**Work required**
If a line in the entries contains the word "glass", list it.

**Short text fragments from websites**
::::

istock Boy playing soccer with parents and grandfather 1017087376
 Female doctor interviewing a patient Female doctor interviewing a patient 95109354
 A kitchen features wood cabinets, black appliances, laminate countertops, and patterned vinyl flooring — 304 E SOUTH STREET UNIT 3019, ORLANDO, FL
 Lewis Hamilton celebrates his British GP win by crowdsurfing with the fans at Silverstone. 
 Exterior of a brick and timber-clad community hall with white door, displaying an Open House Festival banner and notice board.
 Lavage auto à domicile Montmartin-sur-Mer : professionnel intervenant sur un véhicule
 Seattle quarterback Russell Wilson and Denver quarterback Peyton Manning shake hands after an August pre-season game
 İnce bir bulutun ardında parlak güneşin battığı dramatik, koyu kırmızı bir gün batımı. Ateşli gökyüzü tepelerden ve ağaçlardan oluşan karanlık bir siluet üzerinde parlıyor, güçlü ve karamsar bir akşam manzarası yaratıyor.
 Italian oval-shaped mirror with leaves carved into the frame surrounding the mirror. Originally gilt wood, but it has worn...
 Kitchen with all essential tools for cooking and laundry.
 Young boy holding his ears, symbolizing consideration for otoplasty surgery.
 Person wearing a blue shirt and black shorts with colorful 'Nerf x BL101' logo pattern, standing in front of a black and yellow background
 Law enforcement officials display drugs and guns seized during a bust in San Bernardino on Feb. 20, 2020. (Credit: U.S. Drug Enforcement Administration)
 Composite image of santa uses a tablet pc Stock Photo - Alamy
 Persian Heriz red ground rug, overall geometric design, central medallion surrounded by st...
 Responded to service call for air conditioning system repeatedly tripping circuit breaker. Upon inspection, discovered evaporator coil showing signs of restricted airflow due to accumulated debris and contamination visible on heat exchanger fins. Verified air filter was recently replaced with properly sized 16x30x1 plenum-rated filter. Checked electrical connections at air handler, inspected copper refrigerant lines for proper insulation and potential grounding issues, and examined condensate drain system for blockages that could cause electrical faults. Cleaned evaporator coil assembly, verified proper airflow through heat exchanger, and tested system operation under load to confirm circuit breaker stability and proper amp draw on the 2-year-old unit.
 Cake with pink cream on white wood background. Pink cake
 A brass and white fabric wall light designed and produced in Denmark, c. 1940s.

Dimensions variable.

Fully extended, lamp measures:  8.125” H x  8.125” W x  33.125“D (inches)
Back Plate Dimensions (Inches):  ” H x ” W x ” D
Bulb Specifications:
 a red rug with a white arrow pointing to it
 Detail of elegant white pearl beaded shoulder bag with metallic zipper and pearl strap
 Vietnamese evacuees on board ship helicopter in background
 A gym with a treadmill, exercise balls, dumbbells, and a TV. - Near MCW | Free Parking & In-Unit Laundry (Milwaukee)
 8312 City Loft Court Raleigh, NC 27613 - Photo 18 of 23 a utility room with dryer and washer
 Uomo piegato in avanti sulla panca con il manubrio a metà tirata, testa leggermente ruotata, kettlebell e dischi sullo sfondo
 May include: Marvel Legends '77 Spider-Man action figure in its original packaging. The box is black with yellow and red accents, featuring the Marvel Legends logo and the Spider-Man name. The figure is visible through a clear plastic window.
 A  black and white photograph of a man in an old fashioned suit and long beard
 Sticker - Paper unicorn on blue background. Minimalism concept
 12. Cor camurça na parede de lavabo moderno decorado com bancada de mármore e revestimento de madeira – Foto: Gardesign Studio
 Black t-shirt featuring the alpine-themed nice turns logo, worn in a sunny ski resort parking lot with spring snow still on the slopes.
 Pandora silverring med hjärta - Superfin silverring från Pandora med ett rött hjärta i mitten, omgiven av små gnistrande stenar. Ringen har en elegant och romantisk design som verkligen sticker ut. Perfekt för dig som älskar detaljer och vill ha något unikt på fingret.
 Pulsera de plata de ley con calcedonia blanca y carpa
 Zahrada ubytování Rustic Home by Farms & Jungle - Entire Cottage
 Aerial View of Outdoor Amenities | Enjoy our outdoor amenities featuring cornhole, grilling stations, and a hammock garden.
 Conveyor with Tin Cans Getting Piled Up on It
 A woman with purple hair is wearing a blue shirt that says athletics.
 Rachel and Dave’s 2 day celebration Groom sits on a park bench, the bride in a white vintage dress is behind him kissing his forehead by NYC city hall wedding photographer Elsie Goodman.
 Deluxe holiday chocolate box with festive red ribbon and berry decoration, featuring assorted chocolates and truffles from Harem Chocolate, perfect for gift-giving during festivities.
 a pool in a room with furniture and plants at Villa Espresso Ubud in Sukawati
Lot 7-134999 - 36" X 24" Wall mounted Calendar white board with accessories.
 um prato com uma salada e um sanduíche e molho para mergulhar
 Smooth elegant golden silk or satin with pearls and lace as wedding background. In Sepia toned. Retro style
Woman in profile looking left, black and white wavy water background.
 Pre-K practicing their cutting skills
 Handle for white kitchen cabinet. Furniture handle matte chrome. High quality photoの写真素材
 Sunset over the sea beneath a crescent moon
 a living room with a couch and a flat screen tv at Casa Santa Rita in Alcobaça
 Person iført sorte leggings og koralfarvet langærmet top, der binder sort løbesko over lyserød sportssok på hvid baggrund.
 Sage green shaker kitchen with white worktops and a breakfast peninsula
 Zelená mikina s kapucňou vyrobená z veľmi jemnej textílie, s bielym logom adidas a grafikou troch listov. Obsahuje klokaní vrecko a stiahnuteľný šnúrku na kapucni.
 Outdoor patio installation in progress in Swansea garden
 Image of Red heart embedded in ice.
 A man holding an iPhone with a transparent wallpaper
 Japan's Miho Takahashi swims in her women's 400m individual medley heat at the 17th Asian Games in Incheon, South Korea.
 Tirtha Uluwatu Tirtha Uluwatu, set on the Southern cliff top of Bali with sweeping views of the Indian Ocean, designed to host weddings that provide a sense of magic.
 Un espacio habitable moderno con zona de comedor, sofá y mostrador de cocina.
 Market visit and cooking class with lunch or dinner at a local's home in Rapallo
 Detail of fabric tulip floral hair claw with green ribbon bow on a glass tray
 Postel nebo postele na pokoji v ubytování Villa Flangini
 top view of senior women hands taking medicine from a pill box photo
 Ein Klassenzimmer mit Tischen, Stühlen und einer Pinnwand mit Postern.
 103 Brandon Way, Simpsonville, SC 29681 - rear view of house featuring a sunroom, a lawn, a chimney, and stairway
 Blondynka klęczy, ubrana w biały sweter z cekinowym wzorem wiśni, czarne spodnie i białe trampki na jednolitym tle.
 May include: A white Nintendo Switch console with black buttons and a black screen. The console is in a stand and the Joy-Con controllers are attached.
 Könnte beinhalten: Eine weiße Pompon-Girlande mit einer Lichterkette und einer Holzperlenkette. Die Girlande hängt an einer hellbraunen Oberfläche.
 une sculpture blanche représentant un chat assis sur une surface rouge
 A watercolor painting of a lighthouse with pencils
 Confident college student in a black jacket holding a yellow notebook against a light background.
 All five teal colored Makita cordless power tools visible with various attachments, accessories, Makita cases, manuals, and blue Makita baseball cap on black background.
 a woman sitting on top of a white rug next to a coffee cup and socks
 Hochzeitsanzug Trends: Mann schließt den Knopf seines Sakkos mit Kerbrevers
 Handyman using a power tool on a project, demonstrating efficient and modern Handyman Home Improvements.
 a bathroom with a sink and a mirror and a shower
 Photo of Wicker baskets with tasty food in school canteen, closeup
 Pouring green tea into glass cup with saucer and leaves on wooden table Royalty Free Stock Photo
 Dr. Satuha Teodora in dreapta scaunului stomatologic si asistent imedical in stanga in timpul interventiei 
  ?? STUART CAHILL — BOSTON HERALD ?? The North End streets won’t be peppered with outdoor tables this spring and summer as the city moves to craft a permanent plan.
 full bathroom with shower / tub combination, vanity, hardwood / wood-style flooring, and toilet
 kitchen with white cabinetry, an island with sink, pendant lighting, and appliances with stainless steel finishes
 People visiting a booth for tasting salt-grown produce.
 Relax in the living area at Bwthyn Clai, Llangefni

::::

**Exercise output**
 Detail of fabric tulip floral hair claw with green ribbon bow on a glass tray
 Pouring green tea into glass cup with saucer and leaves on wooden table Royalty Free Stock Photo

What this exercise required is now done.